VII. Reloading Information

A. Introduction to Handloading

2. Introduction to Reloading Components

by James M. Morrison (jimmm@ibm.net)

Introduction to Reloading Components

There are two major classes of cartridges: rimfire and centerfire. The difference between them refers to the location of the priming compound. Rimfire ammunition has priming compound placed inside the cartridge rim. Centerfire ammunition has a separate component (called a primer) placed in the center of the base of the cartridge.

Since rimfire ammunition does not use a separate primer component, it is not really reloadable by handloaders. Hence, rimfires will be ignored for the remainder of this discussion. Since I don't reload shotgun shells, I'll ignore them, too.

There are four components of a reloadable round of ammunition: bullet, metallic cartridge case, powder, and primer. Once they are assembled, I will refer to them collectively as a "round" of ammunition.

What happens when a round is fired

Each component has a specific job to perform when the round is fired. Let's say a round is placed in a gun, and the gun fired. Whatever mechanisms are employed inside the gun, the gun's firing pin strikes the round's primer. The primer ignites, sending an intense flame through a hole in the base of the metallic cartridge case. The primer's flame is used to ignite the powder contained inside the cartridge case. The burning powder builds up pressure inside the cartridge case, and the bullet is pushed from the end of the cartridge case into the gun's barrel. After a trip down the gun's barrel, the bullet flies through the air and strikes its target.

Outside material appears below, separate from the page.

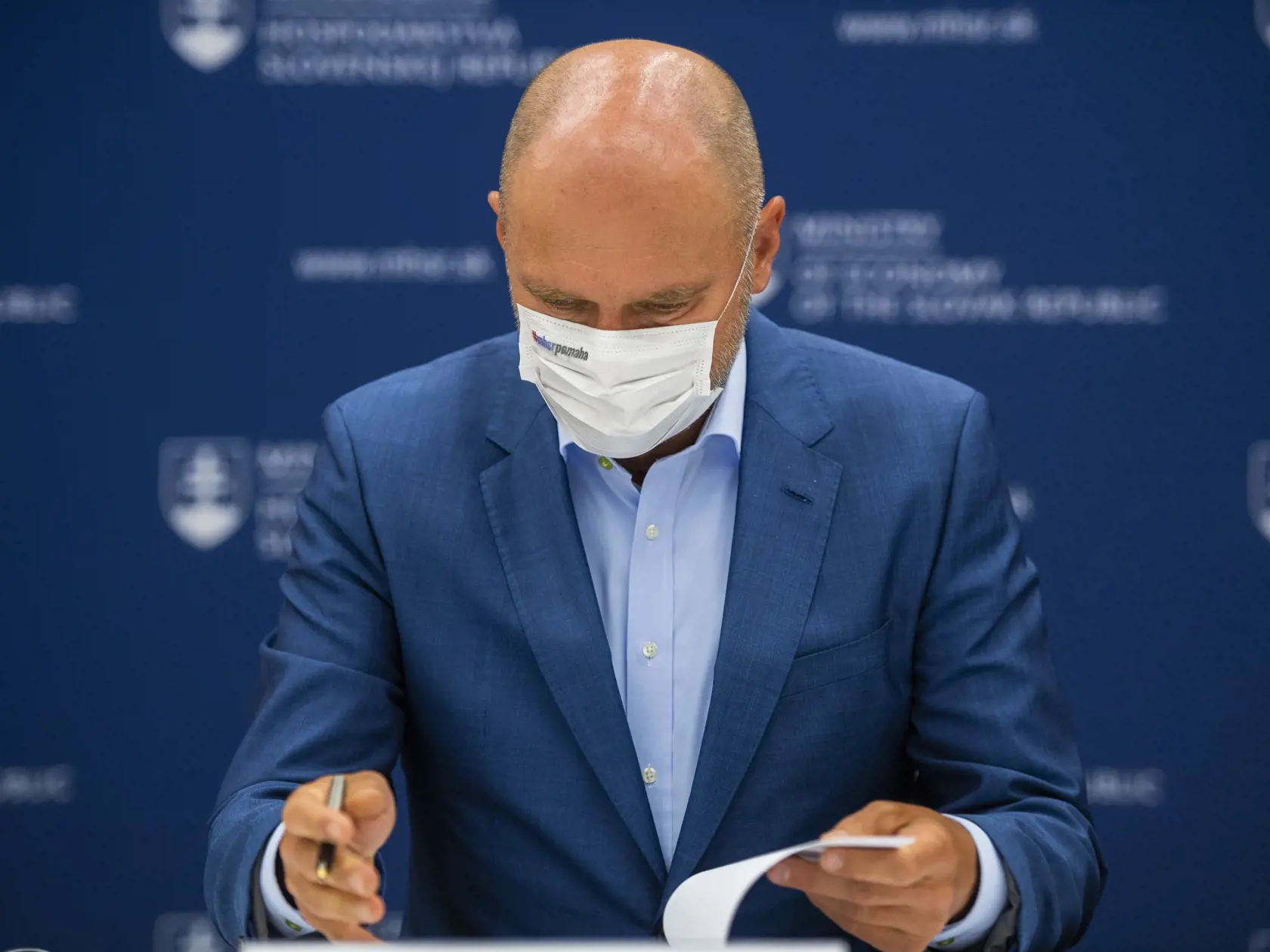 Na snímke minister hospodárstva SR a prvý podpredseda vlády pre ekonomiku SR Richard Sulík (SaS) počas podpísania memoranda o spolupráci o investícii v priemyselnom parku v Rimavskej Sobote medzi spoločnosťou Ziegler Group, Ministerstvom hospodárstva SR a spoločnosťou MH Invest v Bratislave.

Now that we have an approximate understanding of what each component does, let's take a more detailed look at each component.

PRIMER

There are two styles of primers available today: Boxer and Berdan. As an American reloader, I seldom see Berdan primed cartridges so I don't feel competent to discuss them. I'm told they're somewhat more difficult to reload.

Boxer primers consist of three separate subcomponents: primer cup, priming compound, and primer anvil. These subcomponents are assembled as purchased, you do not have to assemble the subcomponents yourself. The primer cup is cylindrical, with one end open and the other enclosed. The open end is where the primer anvil is placed, with the priming compound between the two. The primer anvil has an interesting shape, one perhaps best observed (from an already fired primer, for safety) rather than described. The primer anvil's shape is basically a disc with the center raised so it is adjacent to the priming compound. The priming compound is designed to be shock/crush sensitive, and is an explosive mixture. Recently I have seen information stating there is a foil/paper cover between the anvil and priming compound. As I have no intention of taking apart a live primer, I will take this on faith and simply pass along the information. Handle primers with care.

The primer is assembled into the metallic cartridge case so the anvil end (the open end) faces the hole in the metallic cartridge case (called the "flash hole"), and the closed end of the primer cup is somewhat beneath the level of the bottom of the metallic cartridge case. This is so that the primer only ignites when the gun's firing pin strikes it, rather than simply by bluntly striking the base of the cartridge. An example of such blunt impact might be dropping the cartridge on a concrete floor, or when the cartridge is slammed into position by a self-loading gun. Handloaders wishing to keep their current complement of fingers and eyes will carefully check their primer levels.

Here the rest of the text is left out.